Because resistance is so high with many eating disordered patients, the assessing clinician needs to have enough skill and wisdom to avoid driving the patient away from treatment as these important signs and symptoms are being addressed.
While the assessing clinician does not need to have the full set of skills that an experienced clinician in the field would have, he or she does need to have enough of a background to know how to build motivation for change and commitment to treatment or at least to get things moving enough so that he can know that the patient needs help with an eating problem so he can refer her or him to the appropriate person.
In this case, the clinician was skilled enough as a general practitioner to help the patient get unstuck from a pattern of no moving-no exercising that was pernicious to his health.
If the clinician does not feel prepared to deal with the body image and food issues that the patient may bring she must tell the patient so. The wellbeing of the patient is always the clinician’s priority.

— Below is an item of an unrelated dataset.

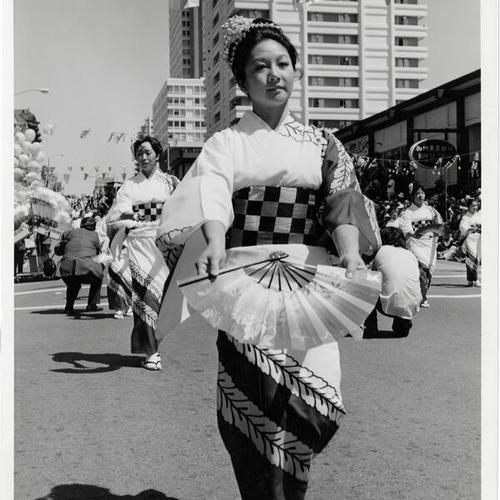 [Woman dressed in kimono with fan marches in Cherry Blossom Festival parade in Japantown]
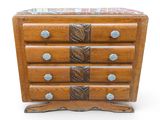 a wooden chest of drawers with a marble top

While the most common age of onset is between 14 and 25 years of age, eating disorders occur in a wide range of ages, and are increasingly seen in children as young as 10.
Source: National Eating Disorders Information Centre of Canada (citing Cavanaugh, Carolyn J. and Lemberg, Ray. What we know about eating disorders: facts and statistics. In Lemberg, Raymond and Cohn, Leigh (Eds) (1999). Eating Disorders: A reference sourcebook. Oryx. Press. Phoenix, AZ)
Tips for Clinicians from BED Specialists
There are a number of key principles understood by clinicians who specialize in BED. It may be helpful for the assessing and referring clinician to have some idea of these tips, since they will be useful as the clinician attempts to secure the patient's engagement in treatment.
-Do not be judgmental about your patient’s actions. He or she is in pain, not trying to manipulate you.
-A fat thought is always about more than fat.
-Try to tie in ‘food to feelings’.
-Try to find in your patient’s discourse what feeling state he or she is in “It sounds that the diet that you are in today makes you so happy that you forgot that the last three times you began dieting, it did not go that well. But, what do you think will be different today?”
-Use food and feeding metaphors such as “You fed the hungry child inside you with food instead of with a kind word”
-Acknowledge that the pain of weight and shape is real.
To work with eating disordered patients is a long term commitment. As a healthcare professional it is important to remember, just like we remind our patients, that there is no magic pill to make it all well, just, a hopeful road to be traveled together, your patient and you.
The two factors that increase the likelihood of bingeing are hunger and negative feelings. Both are reduced with structured eating.